Un ministre au-dessus des lois
Le ministre de la Défense, Jean Michel Moïse, haïtiano-américain identifié sous le NIF : 003-943-323-3, est soupçonné d’avoir transformé son ministère en machine à cash.
Plusieurs organisations de défense des droits humains ont déjà porté plainte auprès de l’Unité de Lutte Contre la Corruption (ULCC) pour corruption, détournement de fonds publics et abus de biens sociaux.
Le 19 août dernier, un incident a tout révélé : Madame Délinx Joseph, épouse du comptable du ministère, a été arrêtée à l’aéroport Guy Malary avec une valise remplie de billets en dollars et en gourdes.
Selon des sources policières, elle tentait de rejoindre le Cap-Haïtien.

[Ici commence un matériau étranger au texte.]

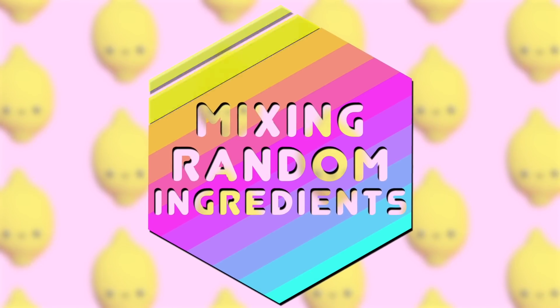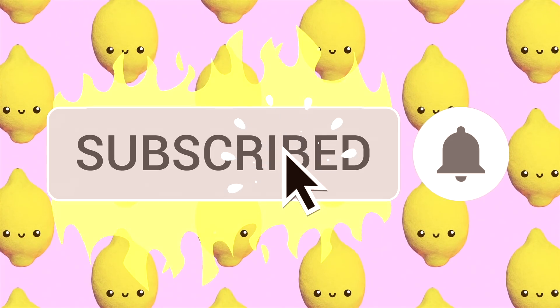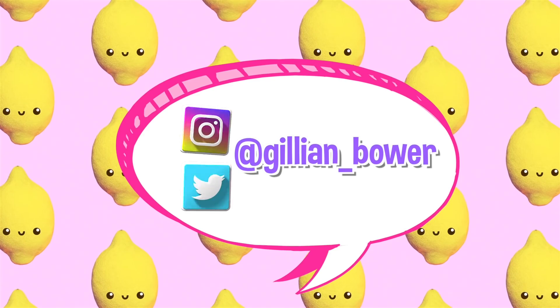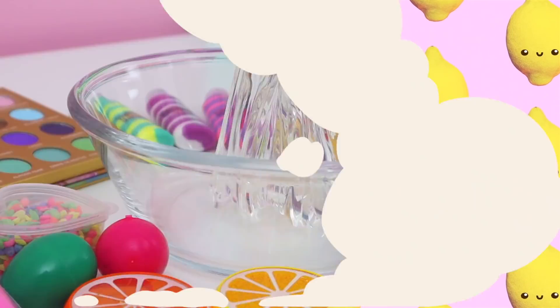Hello everyone, it's Jillian and welcome to today's video. So today I'm going to be adding a lot of random ingredients to a big batch of clear slime, and then I'm going to mix it all together and see what I end up with. I had so much fun creating today's video, so let's jump into it.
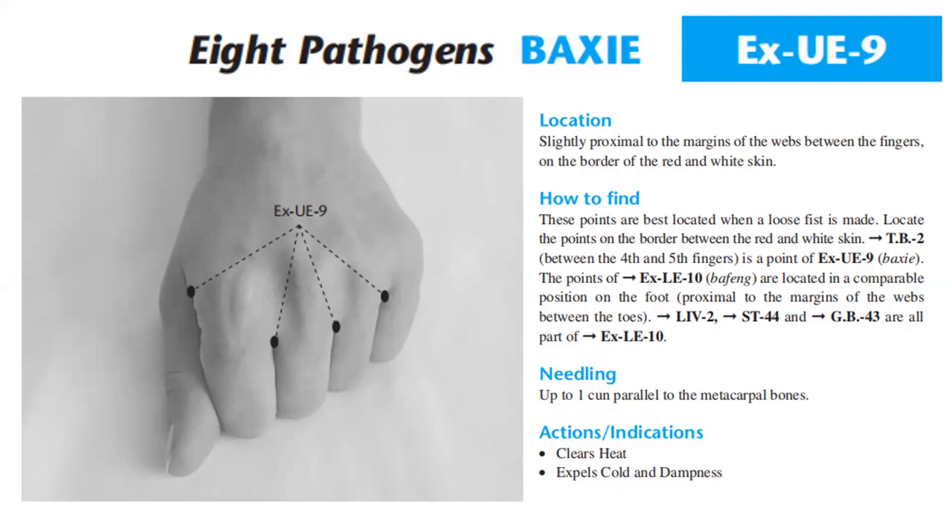GB2, between the 4th and 5th finger, is a point of EXUE9. The points of EXLE10 are located in a comparable position on the foot, proximal to the margins of the webs between the toes. Liver 2, Stomach 44, and GB43 are all part of EXLE10.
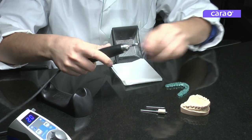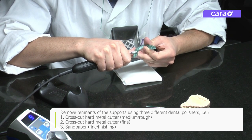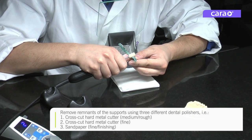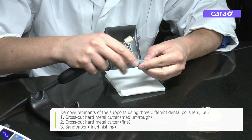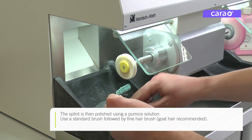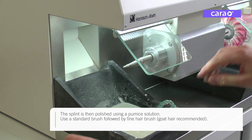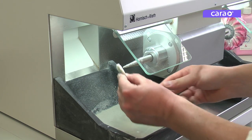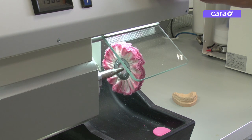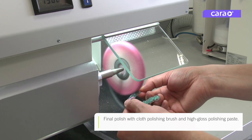Remove the final remnants of the supports using three different dental polishers, such as those shown on screen. The splint is then polished using a pumice solution — first a fleece polisher is used, followed by a fine goat hair brush. Finally, polish the splint using a cloth polishing brush and high-gloss polishing paste.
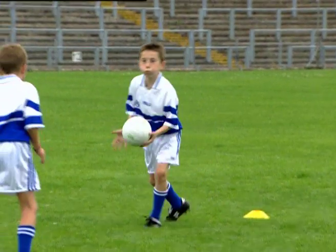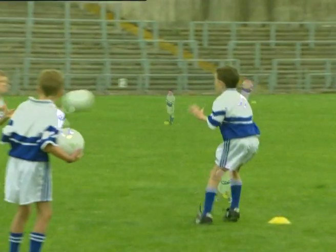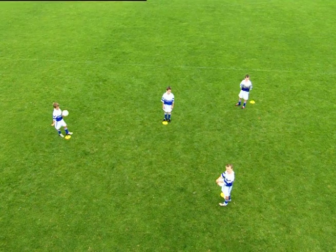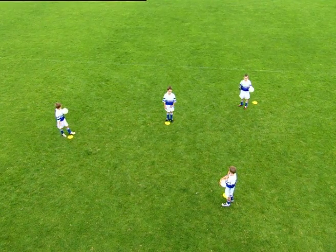This is an intermediate drill to practice the hand-pass technique that requires the players to catch and pass in different directions. Divide the players into groups of four in a formation as shown. Three players act as feeders with one ball each, and the fourth player acts as the central player.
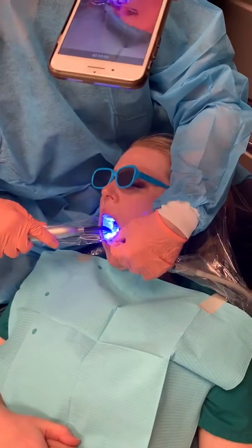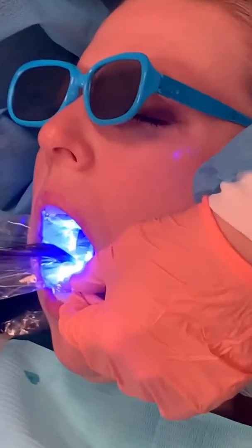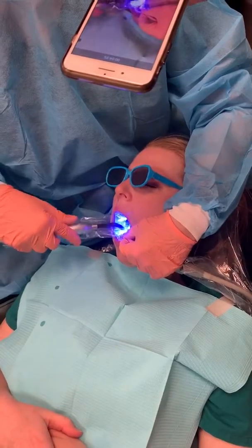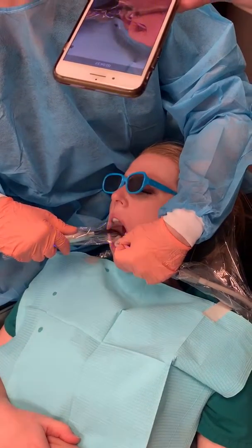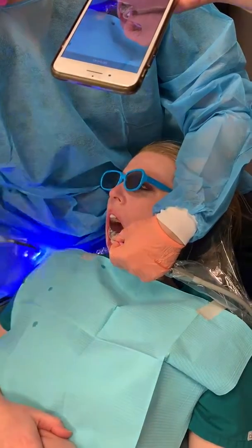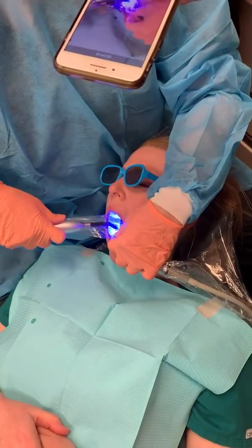And I'm going to cure. I don't have a shield — don't look at the light. I like to cure molars for a minute — that's just my personal preference. But regardless of what teeth you're doing, it has to be at least 30 seconds.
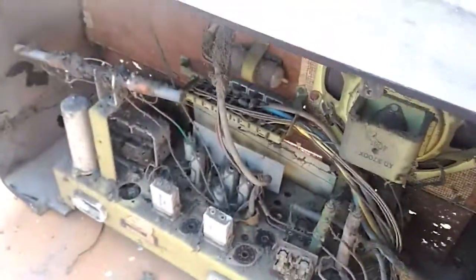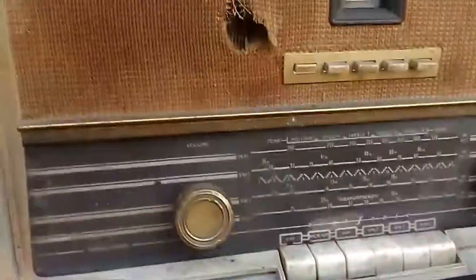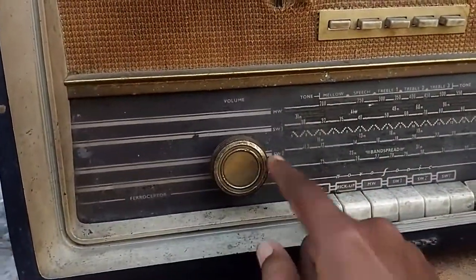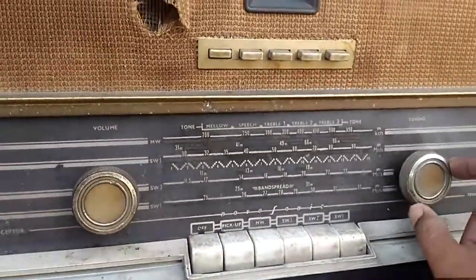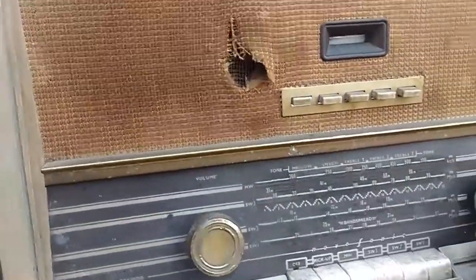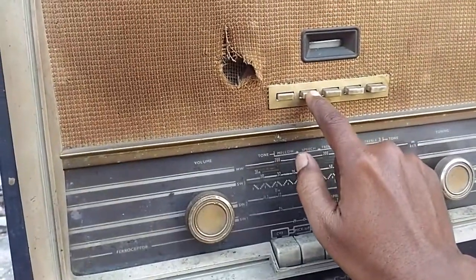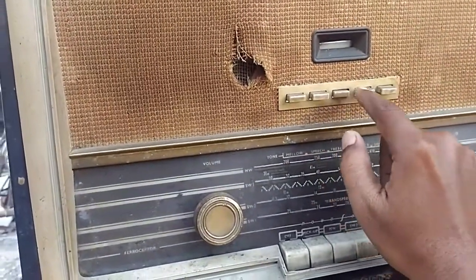We will give it a good cleaning and then continue with the restoration project. This is the volume control and this is the tuning. There is no tone control knob, but there are tone control push button switches.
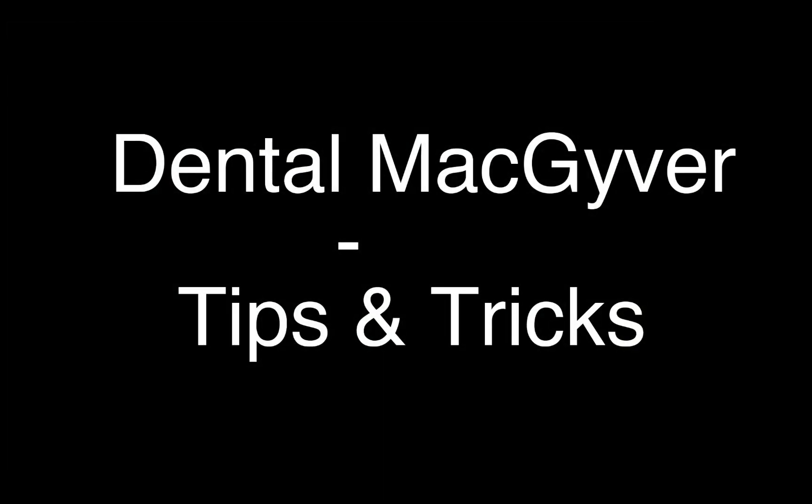Hi guys, Markin here, the dentist. Today I will change the subject a little bit because I had no time to prepare another long seminar, but this created a new idea in my head — the Dental MacGyver series, with tips and tricks in which I will try to show you some tricks that I use in my daily practice and which you also can use if you want.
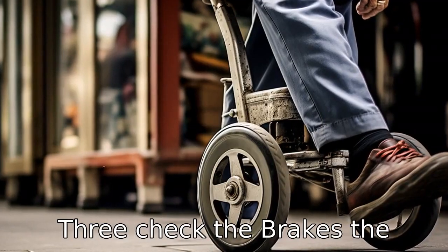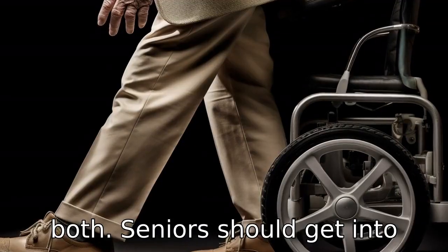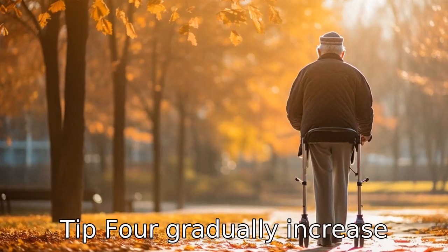Tip 3: Check the brakes. The upright walker may have hand brakes, push-down brakes, or both. Seniors should get into the habit of constantly checking if their brakes are working properly before they start using the walker to prevent falls.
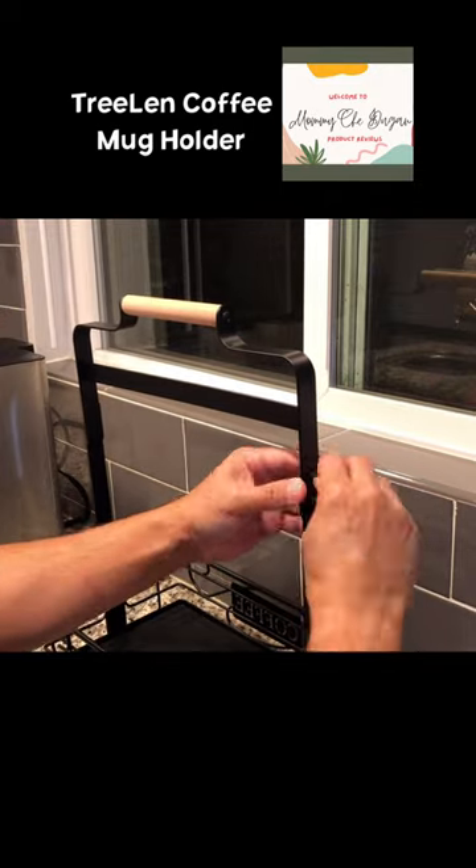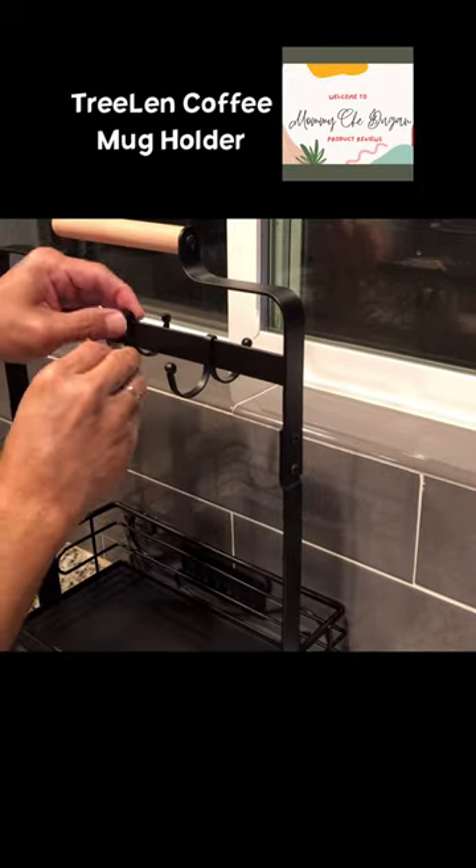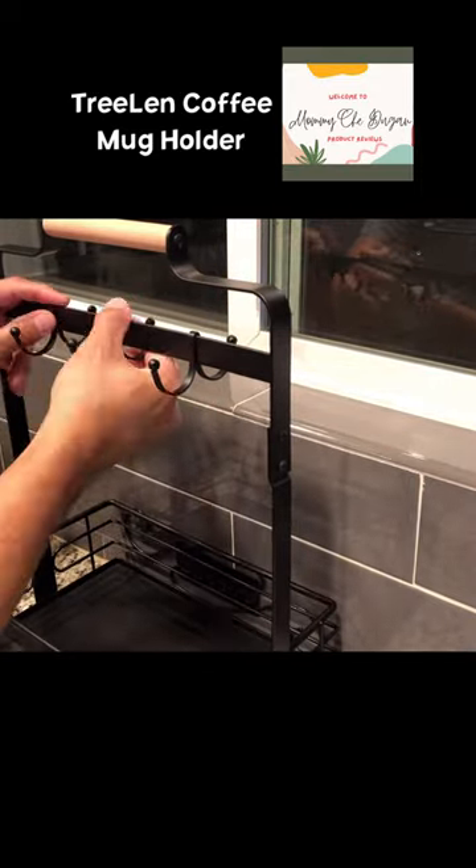This is how to assemble the coffee mug holder. We will make sure to assemble the coffee mug holder. Thank you.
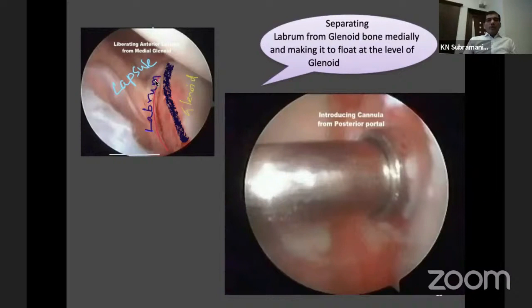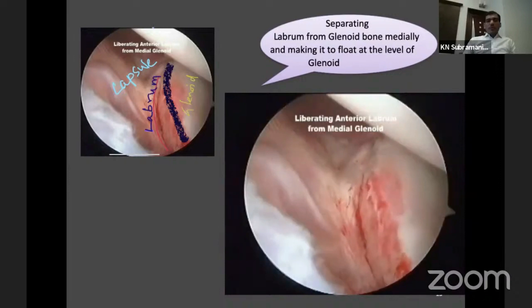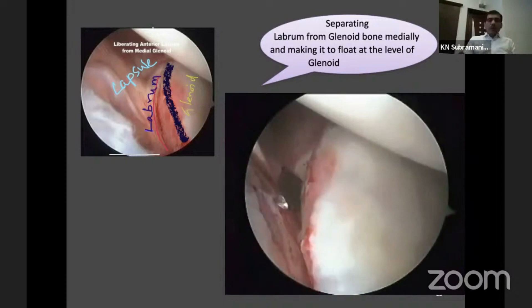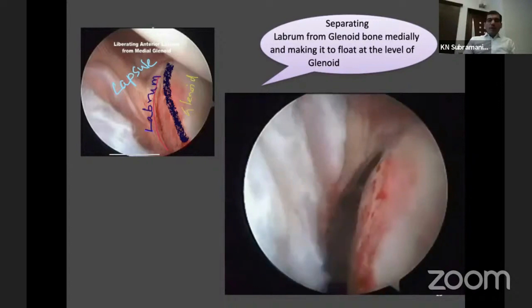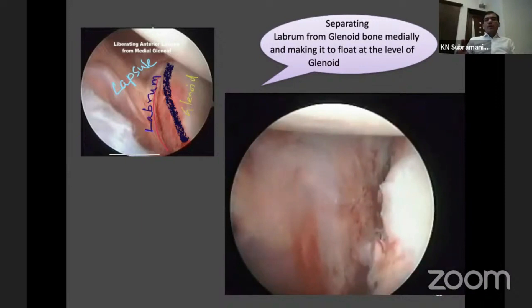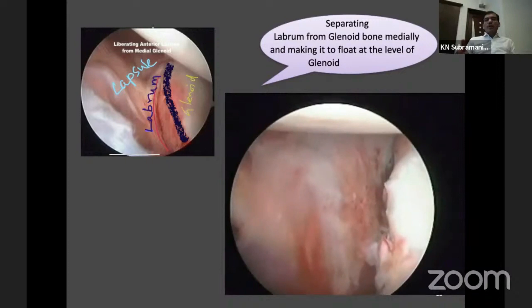Moving to the anterior portal, you can see the structures: this is the labrum, here is the glenoid, and that is the capsule. This labrum has gone medially — it is displaced due to several dislocations. The next step is to establish the posterior cannula. You have to bring the labrum which is displaced medially back out — I usually do it from the most inferior end, so that you can detach it slowly from the inferior capsule and take it in one piece without any fragmentation of the labrum. It has to come back to the level of the glenoid bone.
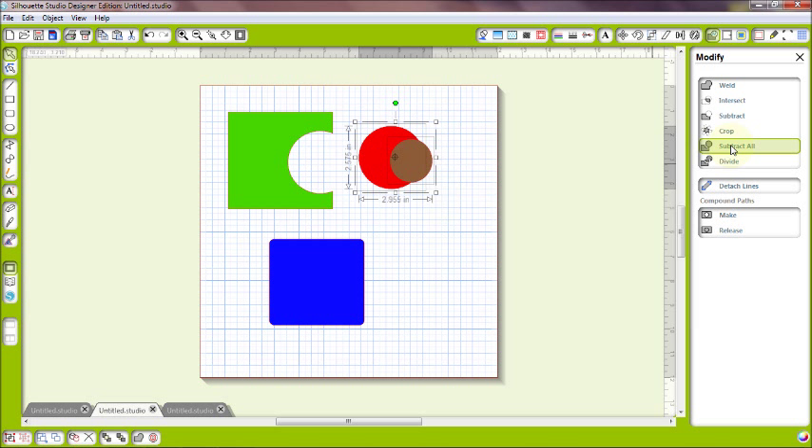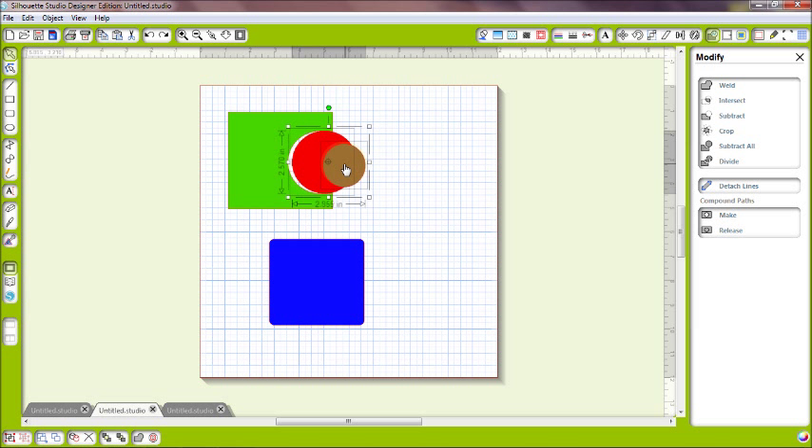I'll make a brown circle and put it over the red circle, then do subtract all again. Notice the brown circle is still there. If I'm making a project where I want things to look stacked without the bulk, I can go ahead and do that — now it's one flat layer but gives the 3D illusion of being stacked. That's how subtract all differs from subtract: it still removes from the back image but retains the frontmost shape.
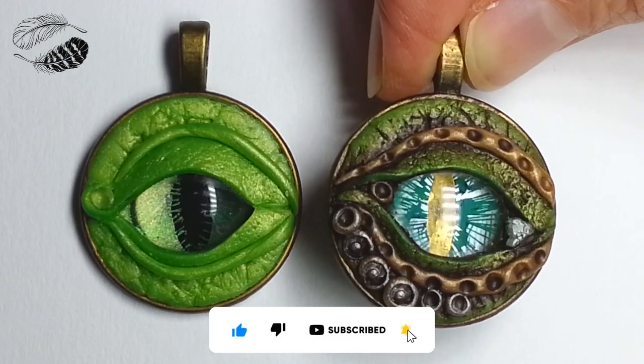Congratulations on completing this class and finishing your project — you slayed it! We've learnt some of the basics of polymer clay and easy techniques on developing your own style of making dragon eyes. Sculpture is about trial and error — you can always make something again and make it even better the second or third time around. Just stay persistent, curious, and experiment until you're happy with the results. Thanks for joining and supporting me in this class and I'll see you in the next one.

Depuis, des émissaires du ministre auraient tenté de soudoyer les enquêteurs de la DCPJ, mais sans succès.
Pourtant, aucune suite judiciaire n’a été donnée par l’ULCC, qui semble temporiser, malgré des preuves matérielles accablantes.
Des dépenses extravagantes pour un ministère à genoux
Entre décembre 2024 et juillet 2025, le ministère de la Défense a ordonné des paiements d’un montant total de 3 208 367 666,25 gourdes — plus de 20 millions de dollars américains — pour des dépenses souvent incohérentes ou totalement fictives.
📊 Tableau récapitulatif des principaux paiements
Entreprise
Objet du paiement
Montant (HTG)
Observation
Blindhasa
4 véhicules blindés
443 517 708,10
Montant exorbitant
Blinde International
7 blindés de combat
447 414 545,40
Près de 900 millions HTG pour 11 blindés
Caribbean Products & Services
Produits alimentaires secs et réfrigérés
280 523 262,70
Livraison non confirmée
Sunauto S.A.
10 Chevrolet Colorado LTZ
101 920 000
Véhicules non visibles sur le terrain
Compagnie Haïtienne de Moteurs
Toyota Land Cruiser blindé
20 597 818,18
Usage inconnu
Les Entreprises CEH S.A.
257 000 gallons d’essence
159 340 000
Livraison introuvable
IRIS Distributions
500 lainages pour soldats
70 465 547,25
Marchandises non livrées
Gloria Catering
Buffet pour mission en Martinique
1 950 000
16 666 gourdes par militaire
Skycar Rent-a-Car
Location de véhicules
2 110 544,10
Loués pour des amis –
C3 Group S.A.
200 livres de Mathias Pierre
1 000 000
Prix gonflé de 40%
Christ Auto Repair
Achat d’outils mécaniques
3 858 176,05
Aucun garage FAD’H recensé
Initiatives pour le Développement de Bombardopolis
Subvention
3 500 000
Organisation dans la proche du ministre
Ministère de la Défense (Service d’intelligence)
Fonds spéciaux
75 000 000
Aucun service d’intelligence existant
Un réseau bien huilé
Selon un militaire haut placé,
« Il n’existe aucun service d’intelligence au sein de la FAD’H. L’argent prévu pour cela est partagé : 50 % pour les amis du ministre, 50 % pour lui-même. »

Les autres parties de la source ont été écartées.